Blocking Countries on Nginx without the GeoIP Module

Sometimes blocking entire swathes of the world is the way to go if you truly want a defense in depth approach on your web apps, for instance do your administrators truly need to log on from every country on Earth? As website administrators we get a feel for where our legitimate traffic is coming from and where we see nefarious connections from.

So this tutorial will guide you through blocking, and in some cases specifically allowing traffic from various sources. So we will be blocking countries using IP ranges in CIDR range (which Nginx can happily deal with), this is instead of using the GeoIP module. I will give you some examples of configuration examples and if you have any questions feel free to leave a comment!

A couple of words of warning:

• Methods of determining country of origin through IP addresses are not always entirely accurate, country blocking and allowing is not always fool proof
• Putting these measures on your server has an overhead, and dependent on usage it could be a high overhead, you want to give your server the smallest number of checks

After scratching my head for a while and trying to use multiple sources I decided to make it easy, and I’ve created a little site with some Nginx Country IP Blocks. Check it out!

SSH onto your Linux server as usual, I’ll be using Ubuntu for these instructions but the Nginx config should be the same.

We will need to make sure we have unzip installed, it possibly will be:

apt-get install unzip

We will put the files into an appropriate directory, namely in our Nginx configuration tree.

cd /etc/nginx

Create a directory for our country database:

mkdir country-cidr
cd country-cidr

Download the country databases:

wget http://firewalliplists.gypthecat.com/lists/nginx/nginx-countries.conf.zip

Unzip the file:

unzip nginx-countries.conf.zip

You should now have a directory full of some configuration files for nginx, labelled as both allow and deny.

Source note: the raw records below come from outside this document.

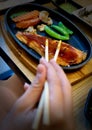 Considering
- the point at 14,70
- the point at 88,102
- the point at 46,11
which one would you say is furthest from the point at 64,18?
the point at 88,102

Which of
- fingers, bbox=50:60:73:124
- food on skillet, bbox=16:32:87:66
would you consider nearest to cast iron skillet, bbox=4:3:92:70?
food on skillet, bbox=16:32:87:66

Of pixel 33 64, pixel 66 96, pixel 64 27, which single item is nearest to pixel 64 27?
pixel 64 27

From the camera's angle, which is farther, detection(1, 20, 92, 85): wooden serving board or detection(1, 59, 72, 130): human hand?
detection(1, 20, 92, 85): wooden serving board

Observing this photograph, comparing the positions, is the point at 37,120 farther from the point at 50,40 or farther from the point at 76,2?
the point at 76,2

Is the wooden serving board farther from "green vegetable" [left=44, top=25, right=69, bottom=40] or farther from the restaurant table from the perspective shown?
"green vegetable" [left=44, top=25, right=69, bottom=40]

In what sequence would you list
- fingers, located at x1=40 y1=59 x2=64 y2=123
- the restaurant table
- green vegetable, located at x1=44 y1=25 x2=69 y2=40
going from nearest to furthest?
fingers, located at x1=40 y1=59 x2=64 y2=123 < the restaurant table < green vegetable, located at x1=44 y1=25 x2=69 y2=40

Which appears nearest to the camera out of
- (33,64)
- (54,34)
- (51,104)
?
(51,104)

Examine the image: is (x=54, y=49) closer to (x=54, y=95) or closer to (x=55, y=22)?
(x=55, y=22) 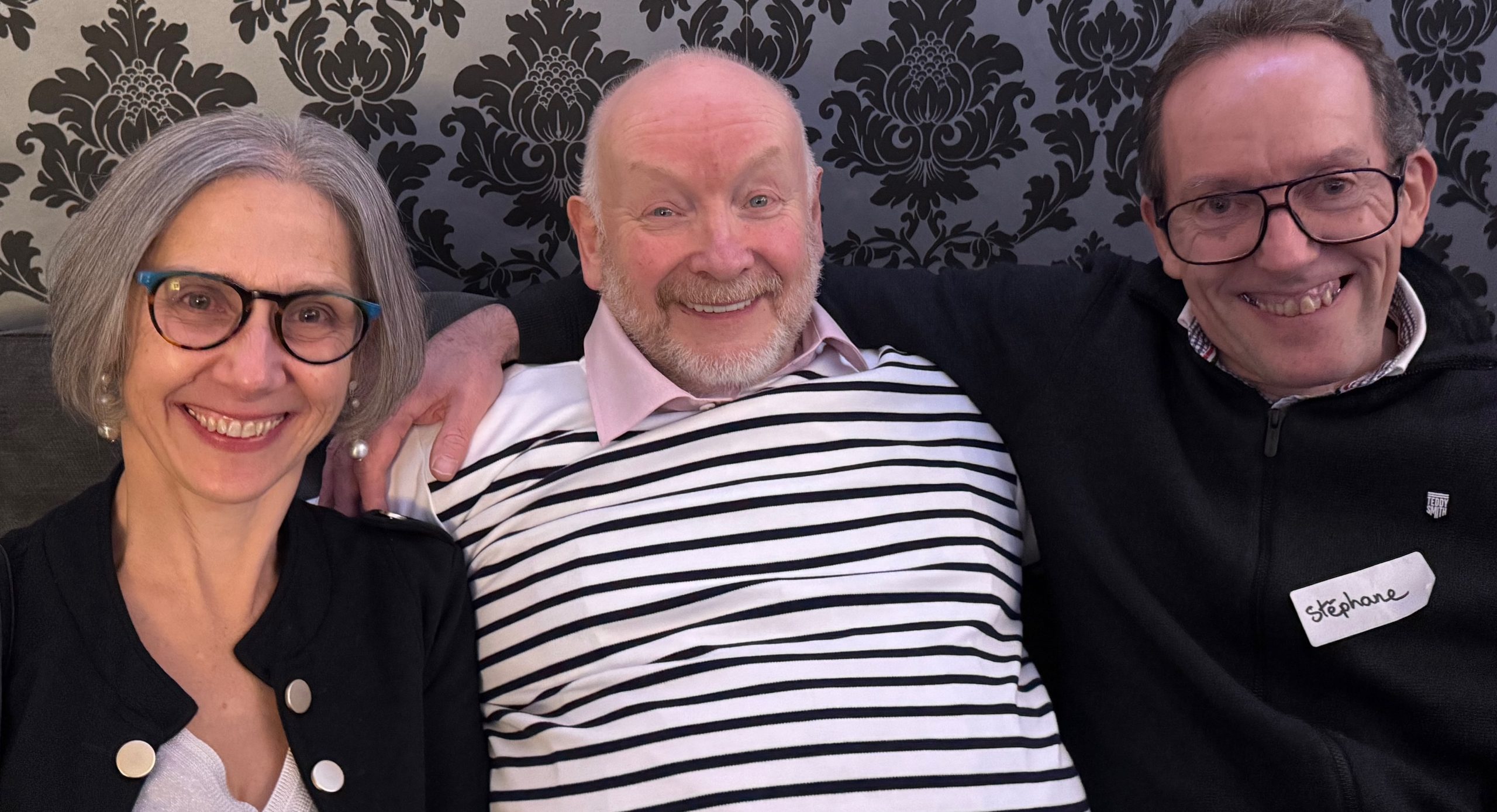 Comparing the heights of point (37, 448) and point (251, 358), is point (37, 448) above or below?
below

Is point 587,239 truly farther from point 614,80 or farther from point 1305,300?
point 1305,300

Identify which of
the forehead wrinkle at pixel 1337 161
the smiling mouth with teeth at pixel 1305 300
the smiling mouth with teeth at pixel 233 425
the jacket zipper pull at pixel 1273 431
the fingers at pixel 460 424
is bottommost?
the jacket zipper pull at pixel 1273 431

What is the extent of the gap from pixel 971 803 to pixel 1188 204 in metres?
0.92

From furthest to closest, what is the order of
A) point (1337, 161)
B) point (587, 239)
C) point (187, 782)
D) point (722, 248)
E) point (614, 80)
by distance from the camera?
point (614, 80) → point (587, 239) → point (722, 248) → point (1337, 161) → point (187, 782)

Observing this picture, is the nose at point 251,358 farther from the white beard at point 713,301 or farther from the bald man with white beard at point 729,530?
the white beard at point 713,301

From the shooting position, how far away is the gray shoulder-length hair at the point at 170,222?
132 cm

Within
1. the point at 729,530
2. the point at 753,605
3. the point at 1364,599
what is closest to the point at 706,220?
the point at 729,530

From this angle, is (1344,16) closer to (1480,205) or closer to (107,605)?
(1480,205)

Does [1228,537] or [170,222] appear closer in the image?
[170,222]

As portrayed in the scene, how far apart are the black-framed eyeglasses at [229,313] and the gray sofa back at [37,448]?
0.56 meters

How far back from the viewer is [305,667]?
4.67 feet

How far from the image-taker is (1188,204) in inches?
65.0

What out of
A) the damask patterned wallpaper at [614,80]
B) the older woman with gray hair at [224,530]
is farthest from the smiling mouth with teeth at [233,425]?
the damask patterned wallpaper at [614,80]

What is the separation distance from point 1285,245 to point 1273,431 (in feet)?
0.87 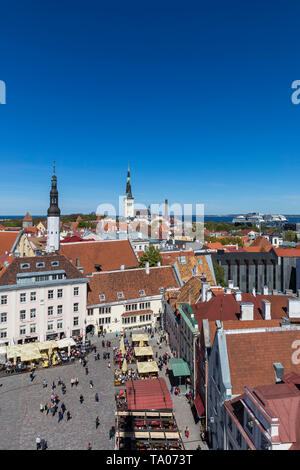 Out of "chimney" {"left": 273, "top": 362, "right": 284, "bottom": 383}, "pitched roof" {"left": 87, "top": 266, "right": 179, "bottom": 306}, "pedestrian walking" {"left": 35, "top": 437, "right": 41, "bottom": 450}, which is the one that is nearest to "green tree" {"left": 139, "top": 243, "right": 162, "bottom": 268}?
"pitched roof" {"left": 87, "top": 266, "right": 179, "bottom": 306}

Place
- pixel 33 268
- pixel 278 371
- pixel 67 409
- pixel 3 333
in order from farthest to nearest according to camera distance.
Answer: pixel 33 268 → pixel 3 333 → pixel 67 409 → pixel 278 371

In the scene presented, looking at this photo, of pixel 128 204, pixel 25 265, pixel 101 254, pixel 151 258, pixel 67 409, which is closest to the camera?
pixel 67 409

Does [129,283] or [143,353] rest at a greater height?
[129,283]

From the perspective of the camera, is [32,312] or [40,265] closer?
[32,312]

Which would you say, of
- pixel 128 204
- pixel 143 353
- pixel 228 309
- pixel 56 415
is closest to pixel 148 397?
pixel 56 415

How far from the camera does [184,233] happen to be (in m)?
167

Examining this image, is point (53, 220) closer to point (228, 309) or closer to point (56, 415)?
point (56, 415)

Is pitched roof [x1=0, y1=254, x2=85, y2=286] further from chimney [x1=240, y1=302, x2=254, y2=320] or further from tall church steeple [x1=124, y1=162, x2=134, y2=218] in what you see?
tall church steeple [x1=124, y1=162, x2=134, y2=218]

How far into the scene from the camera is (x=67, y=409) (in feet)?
102

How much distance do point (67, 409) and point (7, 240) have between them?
5038cm

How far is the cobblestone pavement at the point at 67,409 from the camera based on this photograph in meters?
26.3

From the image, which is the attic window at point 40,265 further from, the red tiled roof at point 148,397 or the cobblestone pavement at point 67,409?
the red tiled roof at point 148,397

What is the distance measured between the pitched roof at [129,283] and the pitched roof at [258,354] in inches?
1208

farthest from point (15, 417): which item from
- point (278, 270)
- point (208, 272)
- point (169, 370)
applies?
point (278, 270) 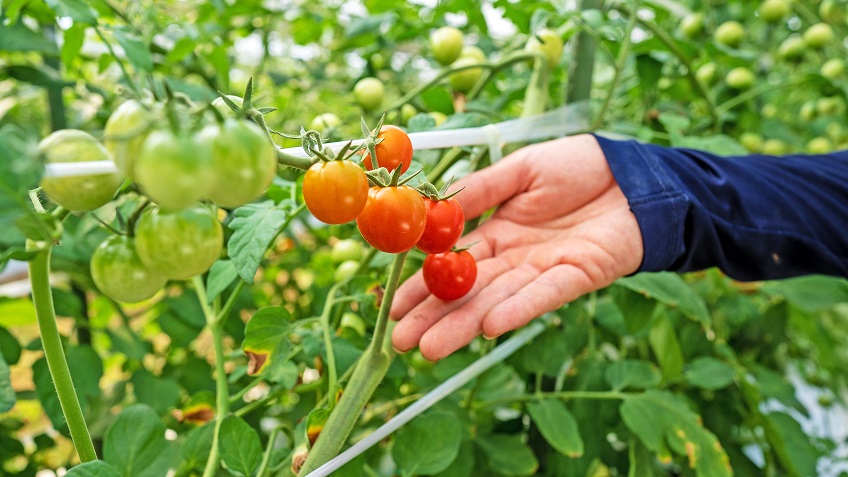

Now we have to decide how we want things to work. Say for instance we have the following configuration for our Nginx virtual server:

server
{
listen 80;
server_name www.companya.com companya.com;
root /webhost/companya.com/httpdocs/;
access_log /webhost/companya.com/logs/access.log combined;
error_log /webhost/tld.co.uk/logs/error.log;
index index.php index.html index.htm;

location /admin/
    {
    # Do something here
    }

location /europe/
    {
    # Do something here
    }

location /mexico/
    {
    # Do something here
    }

location /world/
    {
    # Do something here
    }

}

We have the following use case:

• Admins should only ever log on from Germany
• Users in France, Germany, Spain and Italy are the only ones who should see the content in the Europe directory
• Users in Mexico are the only ones able to view the Mexico directory
• Everyone in the world can view the World directory except for Canada

So if we’ve extracted the files to the directories above our config should look like the following:

server
{
listen 80;
server_name www.companya.com companya.com;
root /webhost/companya.com/httpdocs/;
access_log /webhost/companya.com/logs/access.log combined;
error_log /webhost/tld.co.uk/logs/error.log;
index index.php index.html index.htm;

location /admin/
    {
    include country-cidr/DE-allow.conf;
    deny all;
    # Do something here
    }

location /europe/
    {
    include country-cidr/FR-allow.conf;
    include country-cidr/DE-allow.conf;
    include country-cidr/ES-allow.conf;
    include country-cidr/IT-allow.conf;
    deny all;
    # Do something here
    }

location /mexico/
    {
    include country-cidr/MX-allow.conf;
    deny all;
    # Do something here
    }

location /world/
    {
    include country-cidr/CA-deny.conf;
    allow all;
    # Do something here
    }

}

Give the Nginx service a restart or a reload:

service nginx reload

And that’s it! These IP files do get updated daily, so you may need to keep an eye on how up to date your versions are, a tutorial on how to automate this process will follow soon.